Congratulations on Mooses first hunt! You both look very proud in that picture.


----------



## K9-Design (Jan 18, 2009)

How fun is that! Congrats and way to go Moose! 
Thanks for sharing.


----------



## GoldenSail (Dec 30, 2008)

What a nice looking boy! I bet on top of being a good dog, he LOVED it!


----------



## amy22 (May 11, 2008)

What a handsome guy Moose is!...and I can see how proud you are of him.


----------



## grrrick (Sep 10, 2009)

Excellent Job, Moose! Thanks for sharing, Evan. What a proud moment for both you and Moose.


----------



## Maxs Mom (Mar 22, 2008)

Way to go Moose! I am sure you were a proud trainer too! GO MOOSE. May you have many ducks in your future.


----------



## EvanG (Apr 26, 2008)

GoldenSail said:


> What a nice looking boy! I bet on top of being a good dog, he LOVED it!


Yes, he clearly did. Only hunting is hunting, and he took to all of it quickly. Riding out in the boat to the blind. The waiting quietly beside the blind, the shooting, the other dog - all of it. We hunted on a large lake, and he eagerly swam out through the decoys into open water for his first greenhead.
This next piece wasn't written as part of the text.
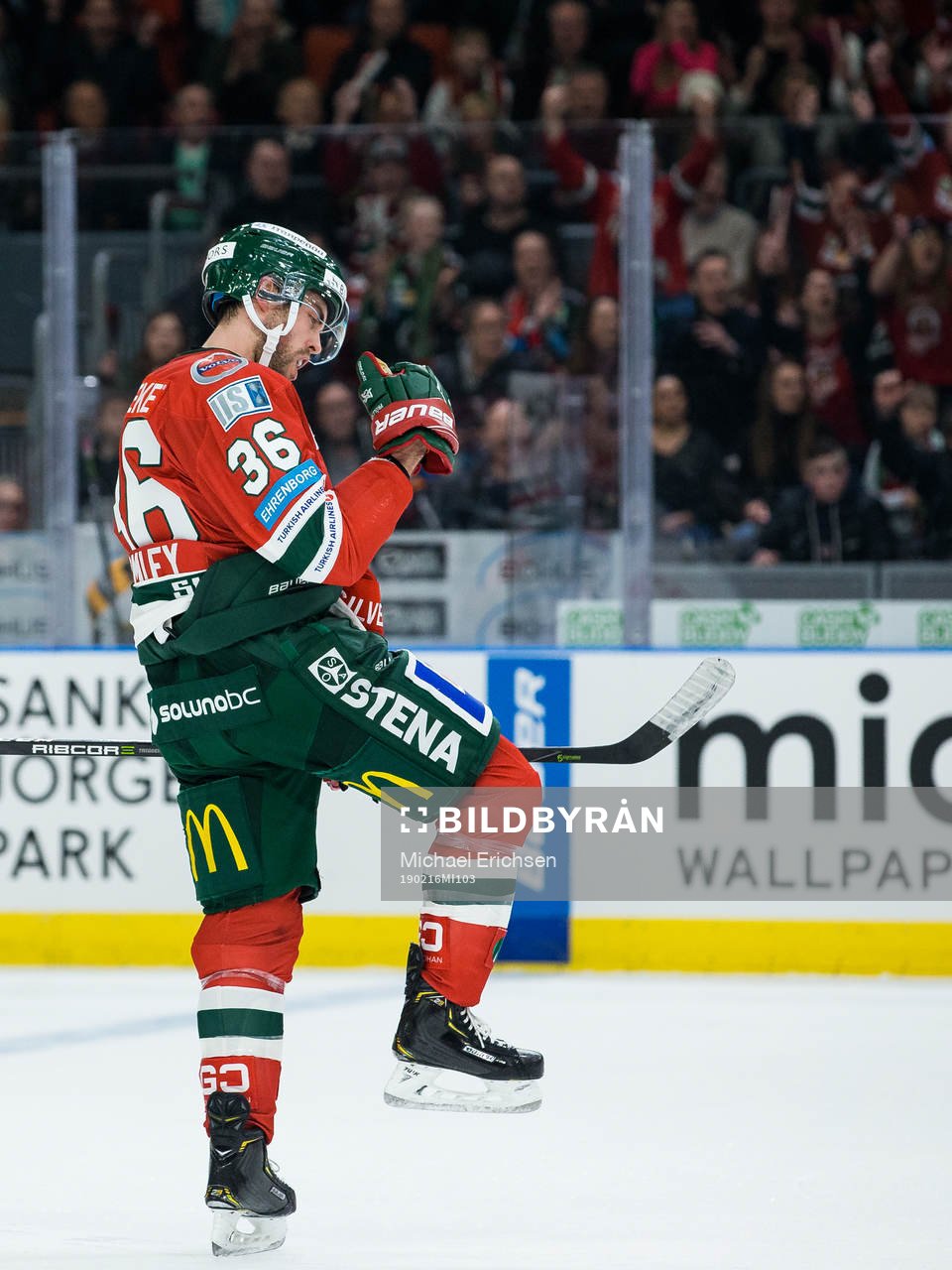 Frölundas Brandon Gormley jublar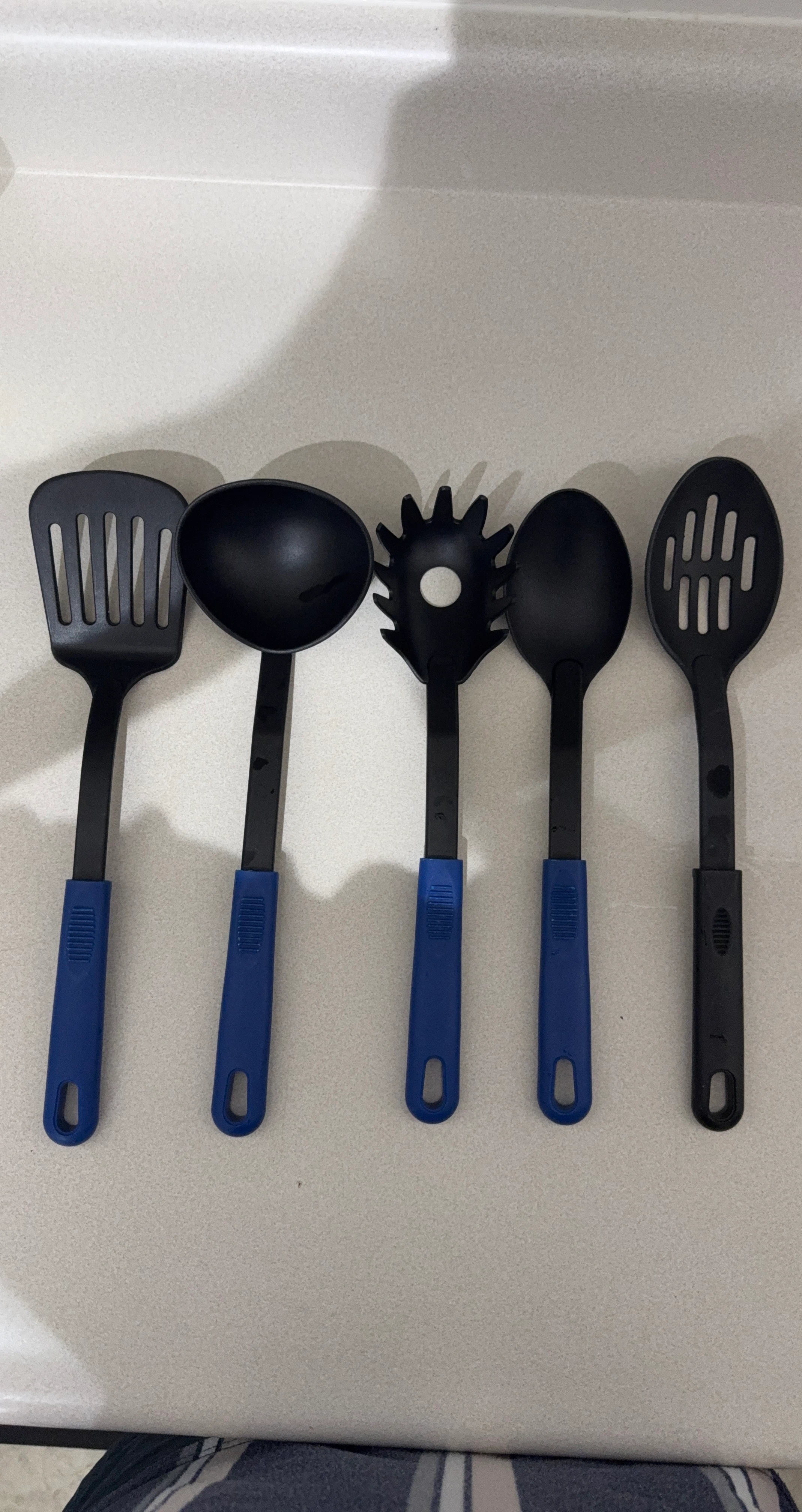 Set of 5 black kitchen cooking utensils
I'll try to get some shots from our next hunt, if I can remember to use the camera. I get so involved in the hunt, and my furry hunting partner that I sometimes forget I brought a camera.

EvanG


----------



## Klamath Gold (Dec 26, 2008)

That's wonderful. 
Titles be ******, this is why we do this. This is what the golden was developed for. Moose did it all.

Randy


----------



## EvanG (Apr 26, 2008)

I've been blessed to train many fine Labradors over the years. Most of my personal dogs have been Labs. But anyone who hasn't had a good Golden really doesn't know what they're missing! They're special in ways you simply have to experience for yourself. 

EvanG


----------